In a federal lawsuit filed this week in Akron, Ohio, a group of Athiests is suing the
federal government to withdraw the phrase “ In God We Trust” from all United States currency. The Athiest group is arguing that the phrase is a clear violation of the separation of church and state. There are 41 plaintiffs included in the suit, which is being spearheaded by lawyer Michael Newdow, whom is 0-1 in federal cases after losing the effort to remove “Under God” from the Pledge of Allegiance.
The plaintiffs are claiming that “In God We Trust” is a daily reminder of a God in which they do not believe in. The forced acceptance and re-distribution to others (via US currency) a message that goes wholly against their beliefs at Humanists. As a Humanist, there is no recognition of any type of higher being, but rather an ethical standard or code to follow on a daily basis. Newdow states, “There is obviously no compelling government interest in having ‘In God We Trust’ on our money”. In addition, Newdow claimed “We did fine for the 75 years before the phrase was ever used at all, and continued to do fine for the subsequent 102 years before such inscriptions were made mandatory on every coin and currency bill. Similarly, the vast majority of nations manage to function without religious verbiage on their money.”

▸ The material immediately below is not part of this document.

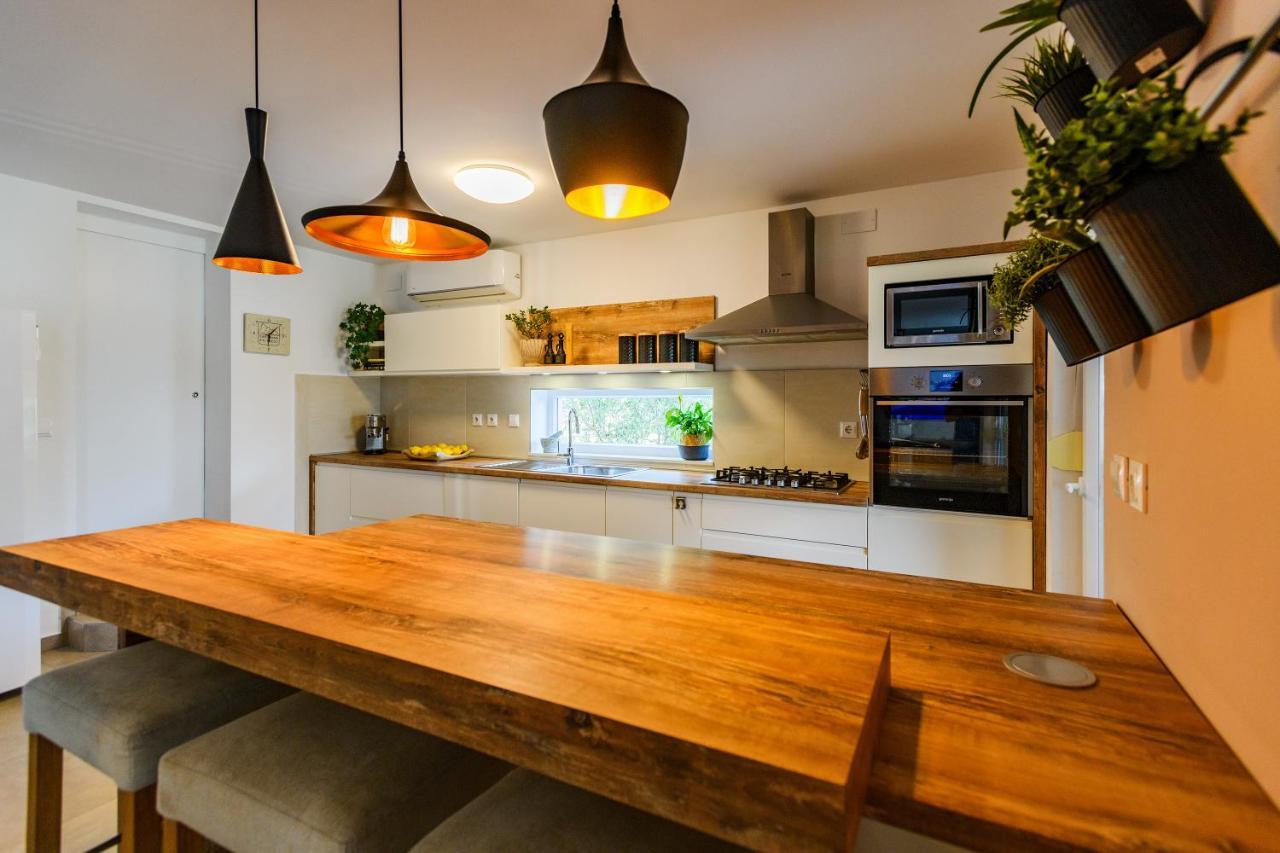 Green Residence Villa Zadar Dış mekan fotoğraf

Dwight D. Eisenhower instituted “In God We Trust” as the United States national motto in 1956, although it had been inscribed on currency since 1864. While this case is receiving backlash from many religious groups across the country, there are also many atheists standing against their fellow brethren. In today’s world, there are multiple options of currency, with the least frequently used being paper currency. Checks, credit cards, debit cards and bitcoins all are accepted forms of monetary tools, without the inscription “In God We Trust”. We will see how this campaign unfolds in the coming weeks.